The faster he ran the less distance he actually travelled. The room and its contents were moving past him, sucked towards the ravenous jaws of death.
Slamming one hand on either side of the jamb, he forced himself through the door and stumbled onto the lawn.
From behind he could hear the ancient building buckle.
His chin hit the damp grass with a squelch. Gripping onto the soil he gritted his teeth and felt the toxins running wild through every vein. Each knuckle cracked.
With the noise that would have been produced had a skip load of haddock been dropped into an iron foundry, Dovecote Hall tore apart at the seams.
The building lifted from its foundations, tumbling in on itself and into the black hole. Which was when Nesbit realised that the lawn was rolling backwards as well.
He managed to stick his rump in the air and push forwards with his nose.
All around debris toppled into the hole. The event horizon desperately searched for more. Discovering nothing in the immediate environment, its lower lip suddenly became attracted to its own upper half.
With a slobbering noise the insatiable hole began to devour itself.
It folded over until only the tiniest square of blackness remained.
Exhausted Nesbit glanced across his shoulder. He noticed how close he was to the blackness
, then collapsed face down in the mud.
There’s an old saying. ‘Never count your chickens before they’re hatched.’
A distant rumble grew in the heart of the fells.
It gathered strength, the ground beneath him shuddering violently.

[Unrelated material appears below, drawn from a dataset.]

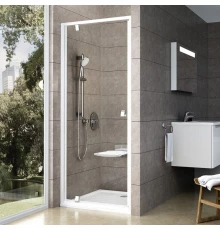 Душевая дверь Ravak Pivot PDOP1-80, профиль белый, ручки хром, витраж транспарент, 03G40100Z1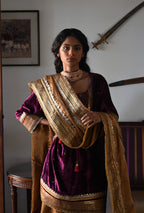 Amal Kurta in Purple Velvet with Gold Tissue Garara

Across the quadrangle anxious students appeared at windows, watching the trees uproot themselves.
And with a gurgling belch the half-digested innards of Dovecote Hall were spewed back out into the air. The explosion was one of the most powerful Greyminster had ever witnessed. So powerful that Nesbit was thrown forty-odd feet towards the firmament.
All around him table lamps and chewed up bedsteads fluttered like gruesome bats.

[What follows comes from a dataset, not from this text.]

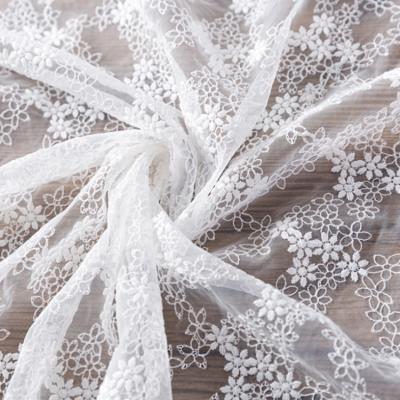 China 2022 Viable Hot Selling Tulle Lace Fabric For Women's Garments Or Curtains for sale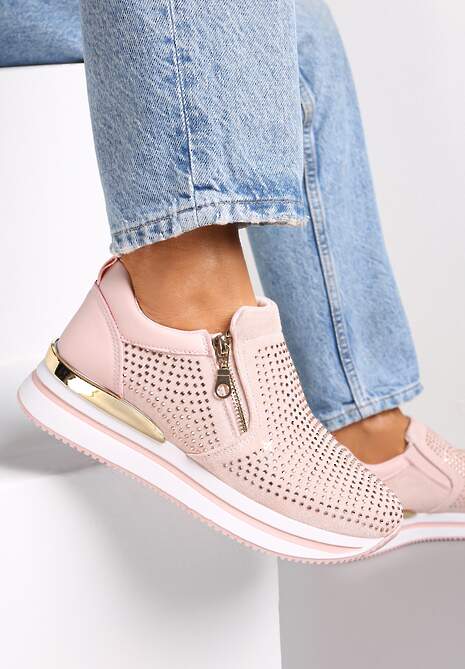 Sneakers Roz Cu Talpă Groasă cu Fermoar și Pietre Soizic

Gasworks View was suddenly awash with flashing lights as the ambulance rounded the corner. With a screech of brakes Gordon Dribblesthwaite pressed his face against the windscreen and watched the billowing cloud.
Nesbit tumbled through the air with the grace of a sycamore seed, saw the ambulance approaching, caught the expression of disbelief across the paramedic’s face and hit the glass with the same sort of stopping power that a starfish would achieve against a breakwater.

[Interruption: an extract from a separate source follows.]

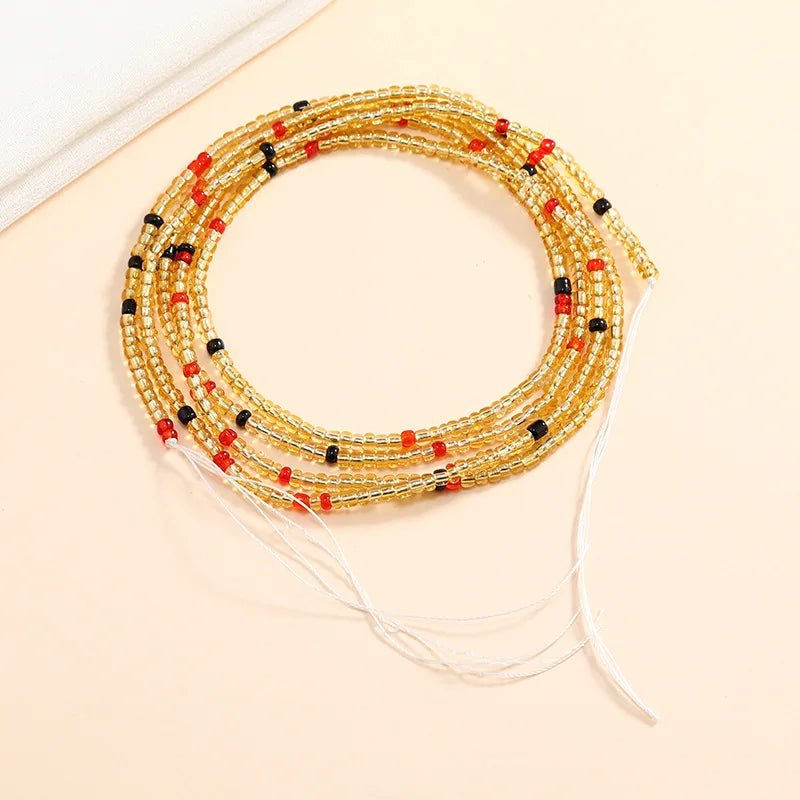 Boho Chic: Vibrant Beaded Waist Chains for Women - Flexi Africa - Flexi Africa offers Free Delivery Worldwide - Vibrant African traditional clothing showcasing bold prints and intricate designs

Cracks emanated from his spread-eagled body as it buckled beneath him.
In many respects, unconsciousness is similar to being in a black hole. It’s very dark and very empty. Time ceases to operate in the way that one would normally expect.
The first signs that Nesbit was emerging from insensibility were the footfalls echoing around some huge mausoleum. Sounds accompanied by the squeal of trolley wheels, the occasional cough and a booming voice.
Next came the vaguely reminiscent aroma. A sickly smell of boiled cabbage and antiseptic. The bouquet of your typical hospital, in fact.
“So…how are we feeling? Hmmm?”
Nesbit blinked, the curtains of Ward 14 swimming in and of focus.
Sliding his glasses to the end of his chiselled nose, Dr. Downey prodded Nesbit’s own bulbous proboscis with his pen.
“Any giddiness, vomiting or runny stools?”
Nesbit shook his head. Not that Downey was paying attention. He replaced his spectacles and held an X-ray to the overhead light.